The data:
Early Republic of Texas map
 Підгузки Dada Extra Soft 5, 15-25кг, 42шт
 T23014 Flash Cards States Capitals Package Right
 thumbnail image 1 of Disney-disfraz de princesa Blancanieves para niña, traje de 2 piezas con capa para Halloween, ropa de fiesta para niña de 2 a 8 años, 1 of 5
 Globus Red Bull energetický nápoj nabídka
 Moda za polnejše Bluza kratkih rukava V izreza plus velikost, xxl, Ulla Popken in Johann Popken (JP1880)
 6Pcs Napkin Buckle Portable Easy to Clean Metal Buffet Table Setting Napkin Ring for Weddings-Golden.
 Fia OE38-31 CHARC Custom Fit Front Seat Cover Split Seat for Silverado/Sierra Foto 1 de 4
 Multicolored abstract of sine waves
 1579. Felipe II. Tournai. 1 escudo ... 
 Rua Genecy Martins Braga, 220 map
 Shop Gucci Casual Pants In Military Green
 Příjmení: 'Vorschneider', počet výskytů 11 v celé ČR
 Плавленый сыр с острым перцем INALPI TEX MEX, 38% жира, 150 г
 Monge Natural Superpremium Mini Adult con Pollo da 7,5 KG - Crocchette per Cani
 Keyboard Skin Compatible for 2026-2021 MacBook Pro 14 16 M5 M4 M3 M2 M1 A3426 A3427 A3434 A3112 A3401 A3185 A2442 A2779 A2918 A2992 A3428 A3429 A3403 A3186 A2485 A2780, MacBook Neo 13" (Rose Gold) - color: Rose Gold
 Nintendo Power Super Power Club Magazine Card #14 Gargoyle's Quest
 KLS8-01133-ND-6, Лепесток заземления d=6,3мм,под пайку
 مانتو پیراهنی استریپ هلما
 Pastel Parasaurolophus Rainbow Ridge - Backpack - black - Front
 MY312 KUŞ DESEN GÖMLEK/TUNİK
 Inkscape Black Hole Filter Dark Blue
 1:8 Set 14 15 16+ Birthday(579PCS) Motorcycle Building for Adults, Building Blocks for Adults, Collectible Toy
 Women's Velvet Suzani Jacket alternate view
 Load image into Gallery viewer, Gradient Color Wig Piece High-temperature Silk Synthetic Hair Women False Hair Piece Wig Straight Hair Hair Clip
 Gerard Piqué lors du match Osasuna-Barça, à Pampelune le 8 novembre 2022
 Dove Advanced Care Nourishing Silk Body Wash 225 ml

Exercise brief:
Look back at the data above. Transcribe exactly the lines starting at the line that contains "Shop Gucci Casual Pants In Military Green" and ending at the line that contains "MY312 KUŞ DESEN GÖMLEK/TUNİK".

Solution below:
 Shop Gucci Casual Pants In Military Green
 Příjmení: 'Vorschneider', počet výskytů 11 v celé ČR
 Плавленый сыр с острым перцем INALPI TEX MEX, 38% жира, 150 г
 Monge Natural Superpremium Mini Adult con Pollo da 7,5 KG - Crocchette per Cani
 Keyboard Skin Compatible for 2026-2021 MacBook Pro 14 16 M5 M4 M3 M2 M1 A3426 A3427 A3434 A3112 A3401 A3185 A2442 A2779 A2918 A2992 A3428 A3429 A3403 A3186 A2485 A2780, MacBook Neo 13" (Rose Gold) - color: Rose Gold
 Nintendo Power Super Power Club Magazine Card #14 Gargoyle's Quest
 KLS8-01133-ND-6, Лепесток заземления d=6,3мм,под пайку
 مانتو پیراهنی استریپ هلما
 Pastel Parasaurolophus Rainbow Ridge - Backpack - black - Front
 MY312 KUŞ DESEN GÖMLEK/TUNİK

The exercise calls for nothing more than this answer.